Your instructions >> Exclude the images and transcribe the entries below precisely.

Records provided >>
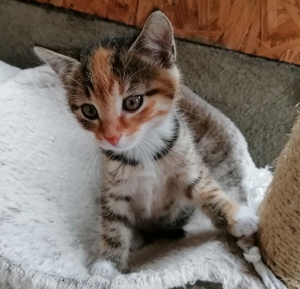 3 Süße Katzenbabys suchen neuer Dosenöffner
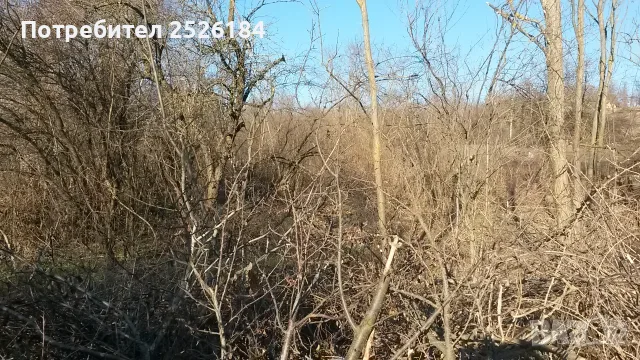 Парцел 1042 м2 село Щипско продава, снимка 3 - Парцели - 55789979
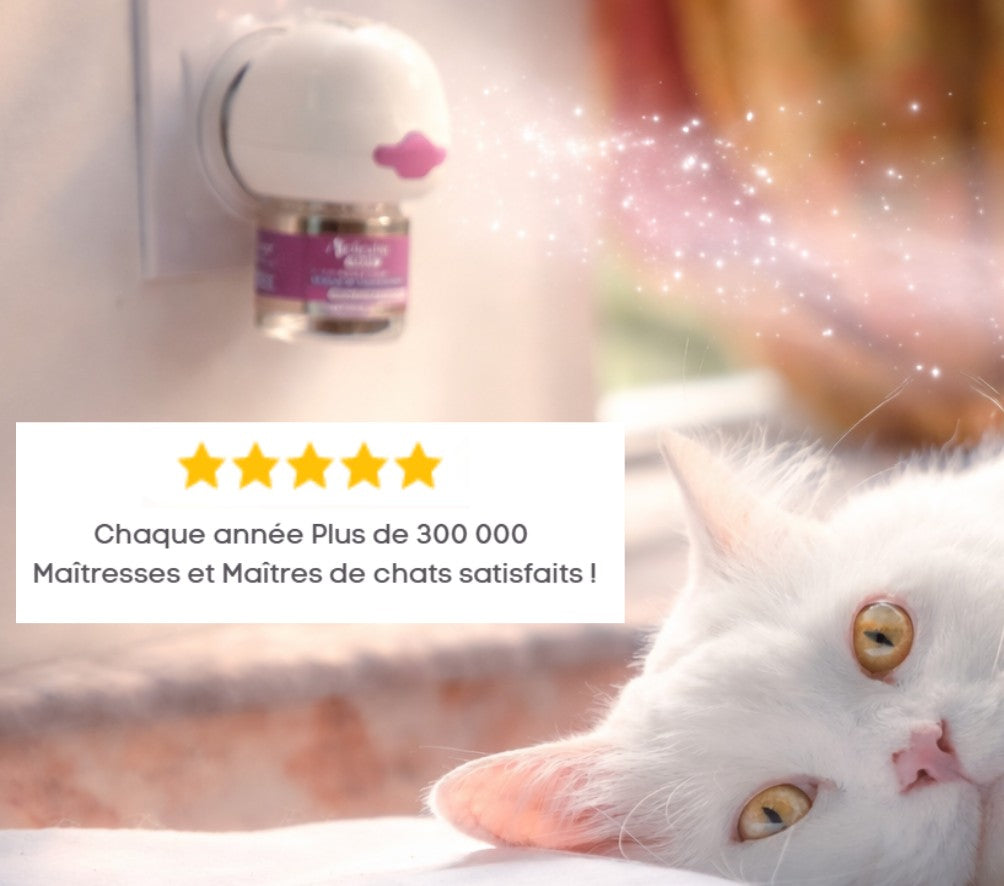 Meilleure Vente - 4 recharges phéromones + 2 diffuseurs | Chat apaisé-Felicalm®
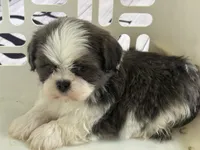 Akc blue male , a male Shih Tzu for sale in Middletown, OH – 2 of 8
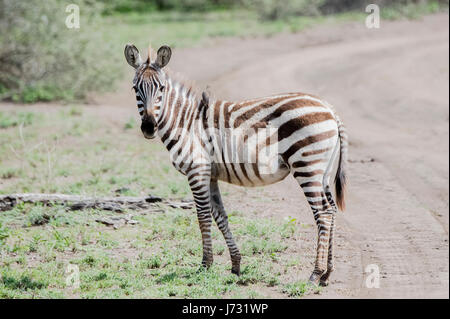 Burchel's Zebra (Equus quagga burchellii) sulle pianure del Serengeti Foto Stock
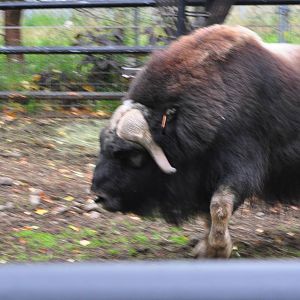 Musk Ox bluff charge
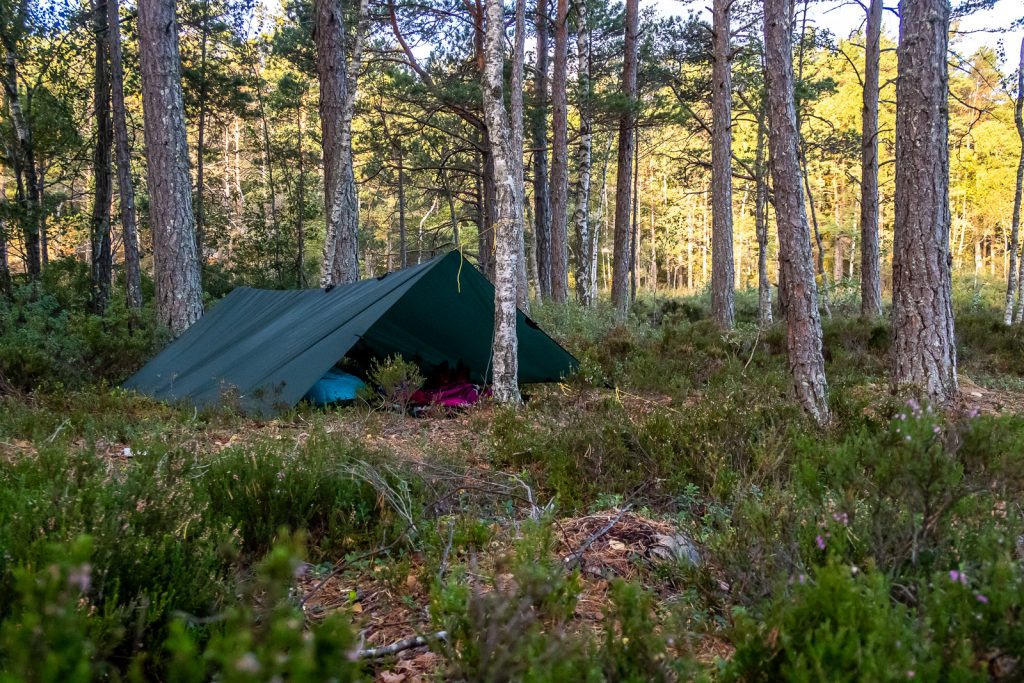 tarp uppsatt mellan träd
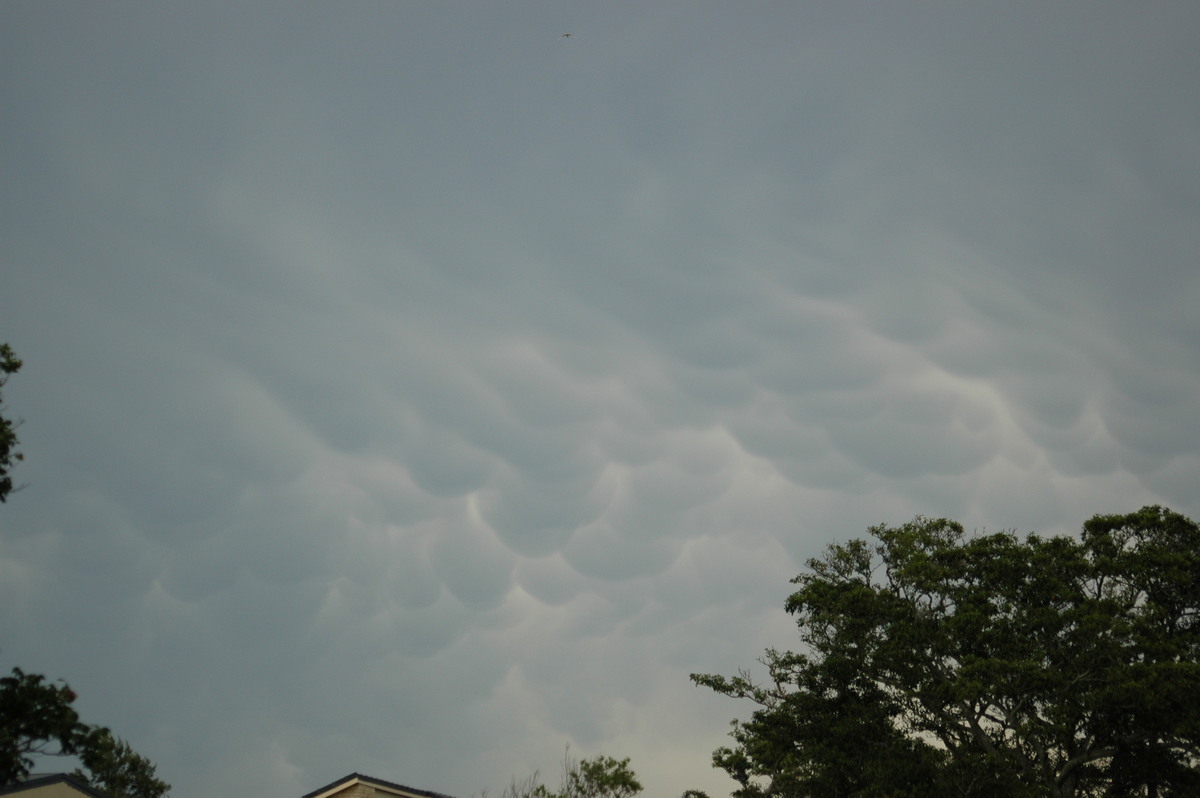 mammatus mammatus_cloud : McLeans Ridges, NSW   29 December 2005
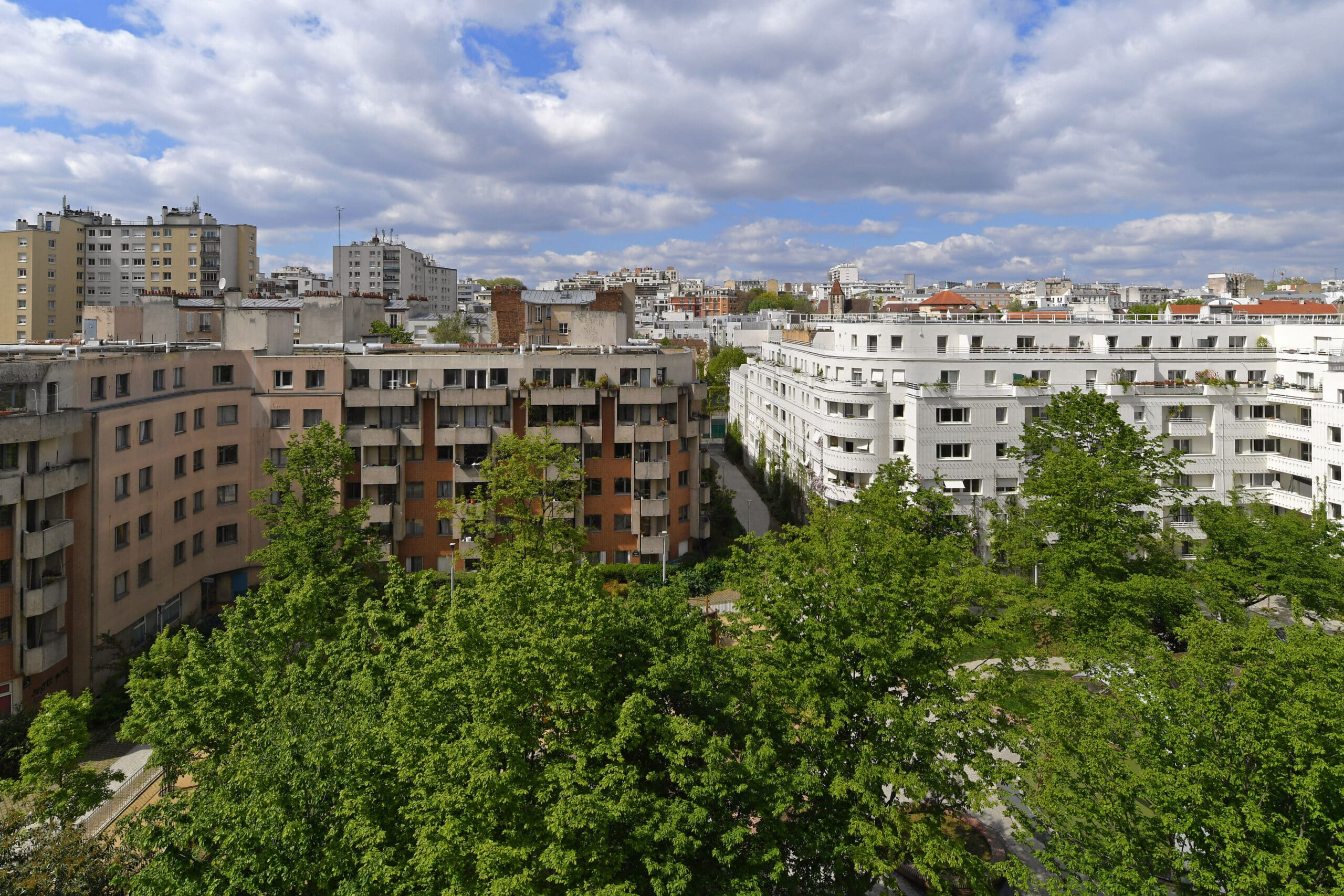 Salamandre Paris habitat 20eme 1 scaled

Result of this exercise >>
 3 Süße Katzenbabys suchen neuer Dosenöffner
 Парцел 1042 м2 село Щипско продава, снимка 3 - Парцели - 55789979
 Meilleure Vente - 4 recharges phéromones + 2 diffuseurs | Chat apaisé-Felicalm®
 Akc blue male , a male Shih Tzu for sale in Middletown, OH – 2 of 8
 Burchel's Zebra (Equus quagga burchellii) sulle pianure del Serengeti Foto Stock
 Musk Ox bluff charge
 tarp uppsatt mellan träd
 mammatus mammatus_cloud : McLeans Ridges, NSW   29 December 2005
 Salamandre Paris habitat 20eme 1 scaled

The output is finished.